For JavaScript this may be of limited importance but for (I-)JSON canonicalization [1] it is vital that all parties do the same interpretation. That is, for I-JSON the 2^53-1 limitation is simply put wrong.

Anders

To clarify, the "you can still add one to them" is probably the most important part in that definition, given your question.

Anyway, this definition departs from similar definitions in other

languages and AFAICT, existing JavaScript implementations have no problems using 2^53 as an integer.

2^53 can be represented just fine, but `2**53 + 1 === 2**53`

is `true`

, so
adding one to it does not actually increment the value, meaning it does not
satisfy the definition of `SAFE`

in this context.

I think the best source of truth is likely the spec: www.ecma-international.org/ecma-262/8.0/#sec-number.max_safe_integer which states

The value of Number.MAX_SAFE_INTEGER is the largest integer n such that n

and n + 1 are both exactly representable as a Number value.

motivation:

if (isSafeInteger(a) && isSafeInteger(b)) { const c = a + b; if (isSafeInteger(b)) { // c is actually the sum of a and b } }

Oops. Should be:

if (isSafeInteger(a) && isSafeInteger(b)) { const c = a + b; if (isSafeInteger(c)) { // c is actually the sum of a and b } }

On 2018-05-06 19:57, Logan Smyth wrote: <snip>

I think the best source of truth is likely the spec: www.ecma-international.org/ecma-262/8.0/#sec-number.max_safe_integer which states

The value of Number.MAX_SAFE_INTEGER is the largest integer n such that n and n + 1 are both exactly representable as a Number value.
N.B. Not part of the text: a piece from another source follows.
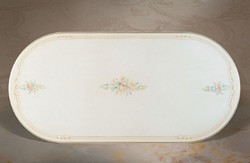 Casa Padrino table à manger baroque de luxe blanc / crème / multicolore / or 700 cm - Immense table de salle à manger de style baroque - Meubles de salle à manger baroques - Fabriqué en Italie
Right, this is essentially what I'm claiming; Number.MAX_SAFE_INTEGER + 1 is a valid (exact) integer which means that tools.ietf.org/html/rfc7493#section-2.2 is incorrect.

Anders

you are correct. The rfc as stated is incorrect. The EcmaScript spec is correct.

2**53 is indeed exactly representable, which is what the rfc is about. But
2**53 is not safe, which what the ecmascript spec is about.

I take that back. The rfc says:

An I-JSON sender cannot expect a receiver to treat an integer whose
absolute value is greater than 9007199254740991 (i.e., that is
outside the range [-(2**53)+1, (2**53)-1]) as an exact value.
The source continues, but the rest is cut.